More cars may be coming off VW's assembly line than any other, but it doesn't mean they are cheaper to build. A study proves that flexibility is key to big profits, something the Americans seem to have figured out.
In theory it's simple: The biggest companies must also be the most profitable, because with size comes perks. More units produced through economies of scale mean lower unit costs.
But in practice it's different. This is made evidently clear by taking a look at a new comparison of profits per vehicle among automakers in the first half of the year.
"Our investigation has shown that the weak - or the allegedly weak - companies can completely outdo the bigger companies in terms of profitability - and therefore future viability," said Ferdinand Dudenhöffer, director of the Center for Automotive Research at the University of Duisburg-Essen, which put together the comparison.

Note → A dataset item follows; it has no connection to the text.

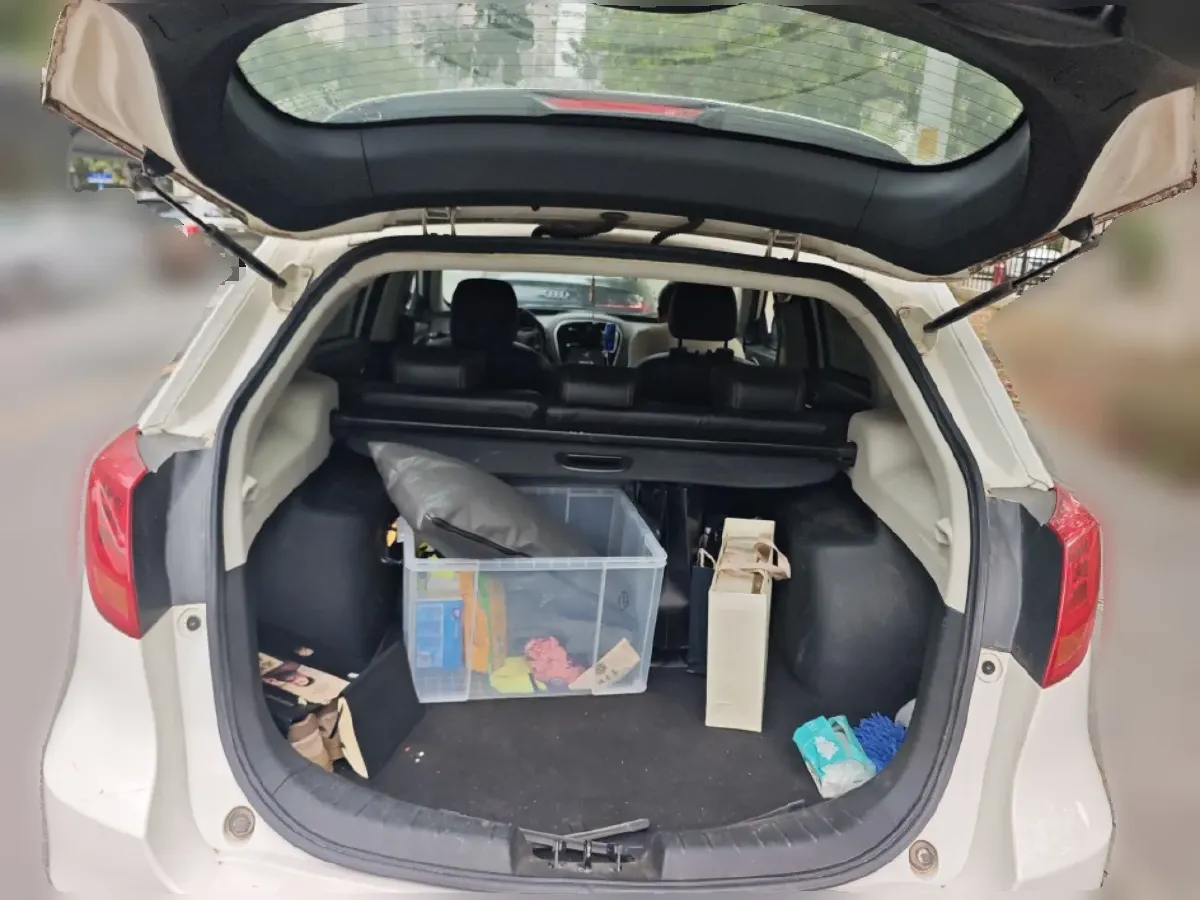 2016 GAC Trumpchi GS5 Super 1.8T 177HP L4 5AT,autocango,china used car exporter,china ev exporter,chinese used car exporter,chinese used ev exporter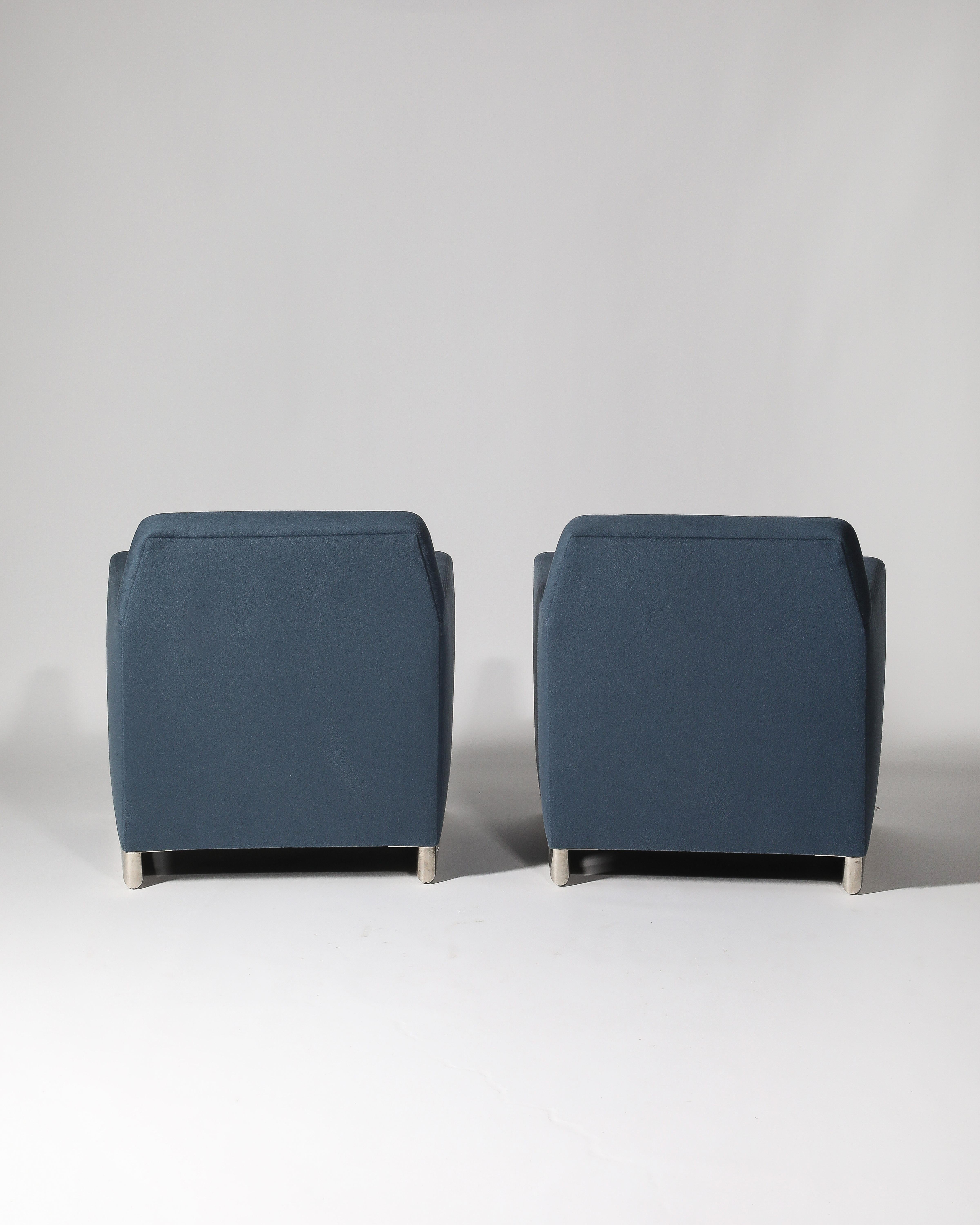 Newly Upholstered Alpaca and Steel Armchairs, Italy, c. 1960 For Sale 3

"This is simply because more laws apply in the auto industry than just this drive to be big," he told DW.
America's secret ingredient
Ford Motor Company came in as the most successful high-volume carmaker, both when measured in absolute profit and profit margin per vehicle. The Michigan-based company brought in 1,652 euros ($1863) with each new car sold, equaling a profit margin (measured in EBIT - earnings before interest and tax) of 8.7 percent. General Motors finished right behind Ford with a margin of 8.6 percent.
In light of the not-so-distant torments in the US automotive industry - General Motors filed for bankruptcy in 2009 - the Americans weren't even expected by the experts to be top of the list. "It was a big surprise for us," Dudenhöffer said.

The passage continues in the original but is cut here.